▶ **TASK ITEM**
Each line of the data is to be output verbatim, with the images removed.

Stored items from a collection:

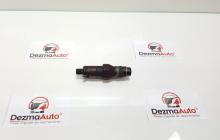 Injector LDCR6736001, Peugeot 206, 1.9d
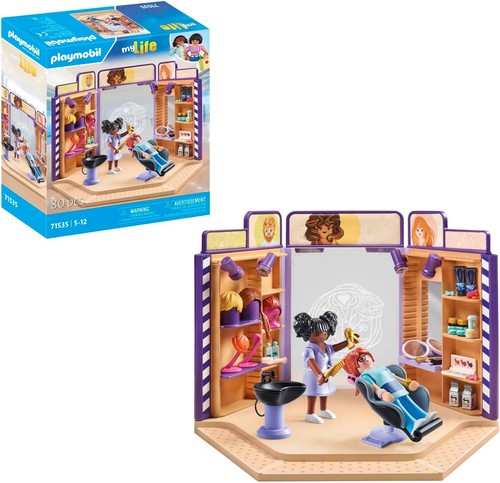 Playmobil mylife 71535 - mylife,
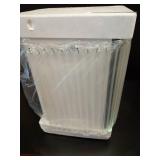 Quiet Whole House Dehumidifier for Basement - Retail: $400 Quiet Whole House Dehumidifier for Basement - Retail: $400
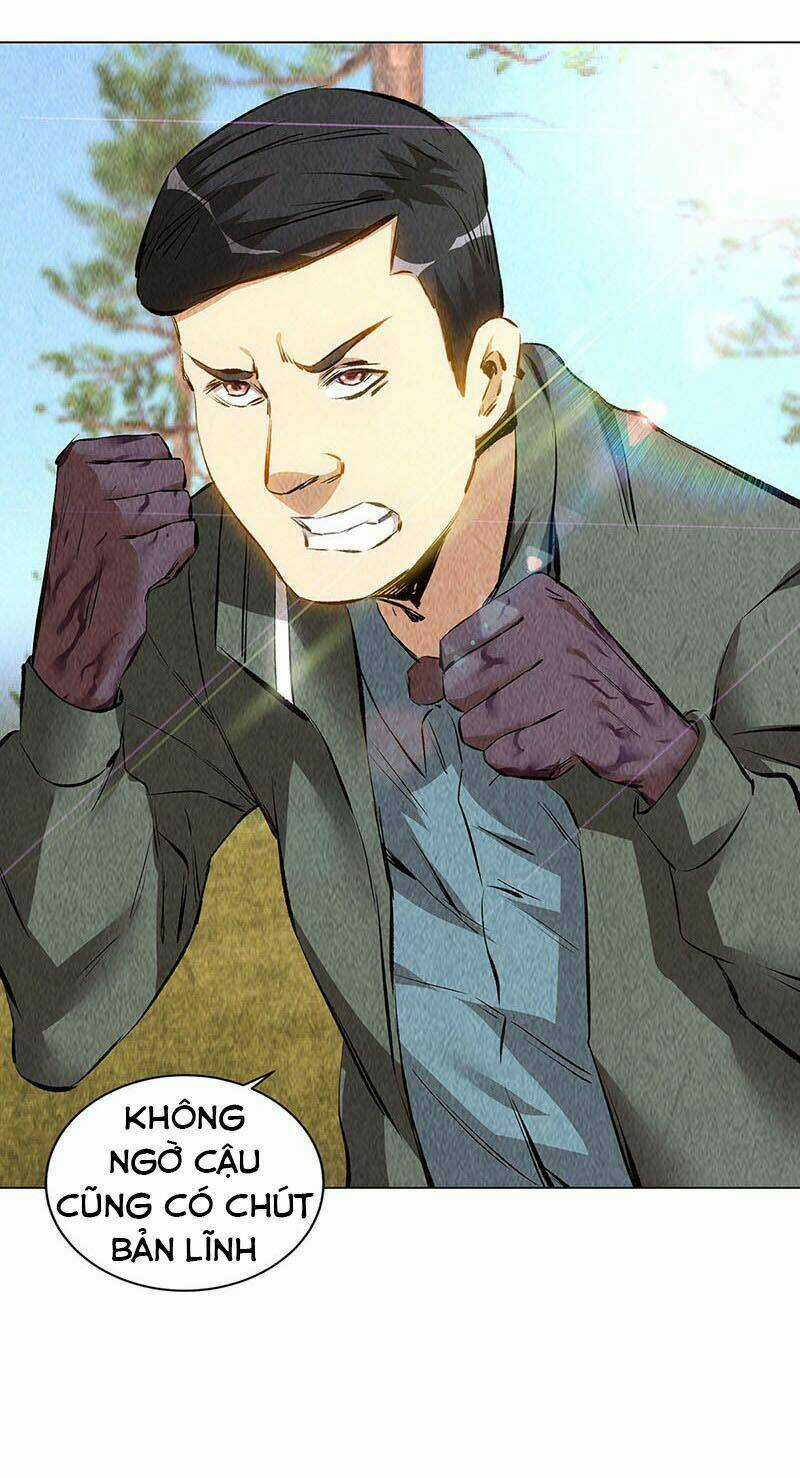 Ta Là Phế Vật - Chapter 164 - Trang 6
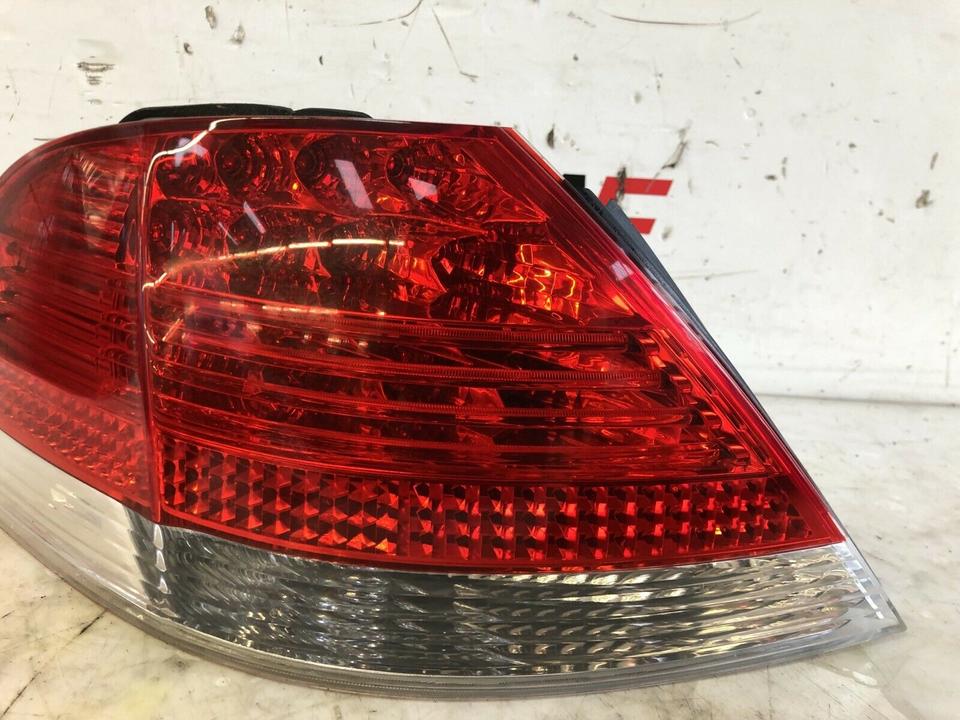 BMW 7er E65 E66 Heckleuchte Rückleuchte Rücklicht Hinten – Bild 4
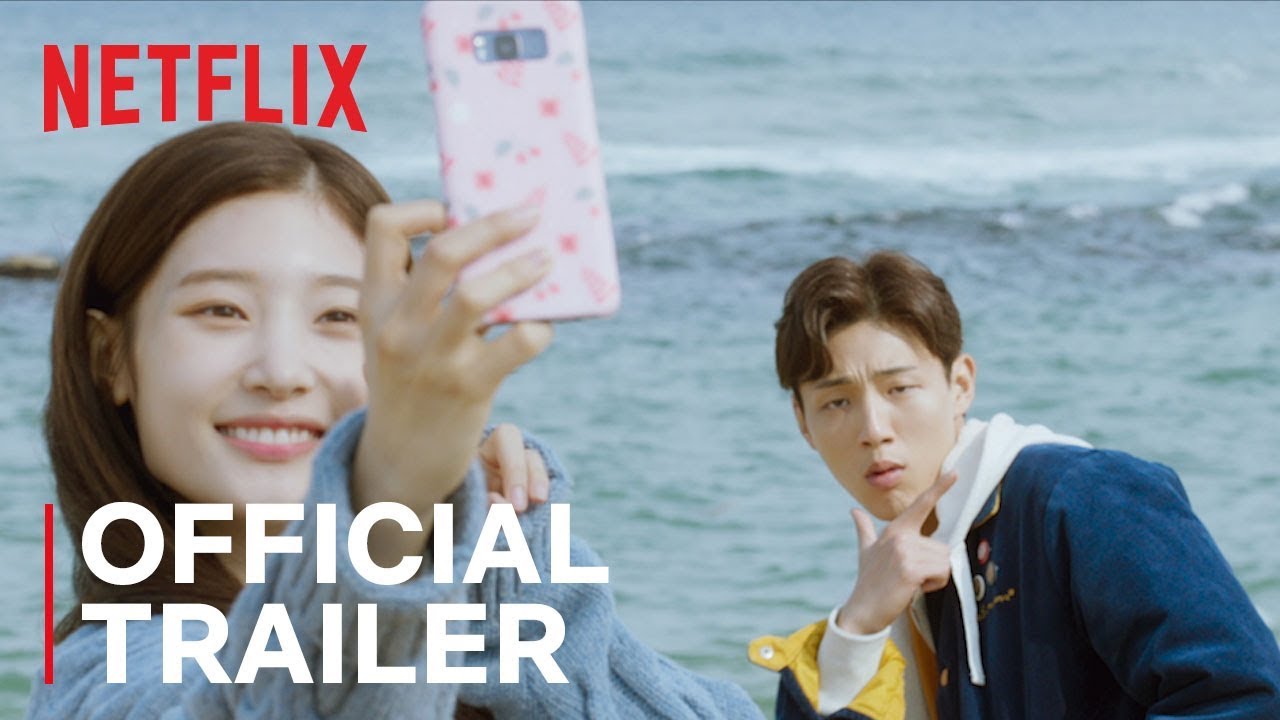 My First First Love Trailer thumbnail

▶ **COMPLETED TASK**
 Injector LDCR6736001, Peugeot 206, 1.9d
 Playmobil mylife 71535 - mylife,
 Quiet Whole House Dehumidifier for Basement - Retail: $400 Quiet Whole House Dehumidifier for Basement - Retail: $400
 Ta Là Phế Vật - Chapter 164 - Trang 6
 BMW 7er E65 E66 Heckleuchte Rückleuchte Rücklicht Hinten – Bild 4
 My First First Love Trailer thumbnail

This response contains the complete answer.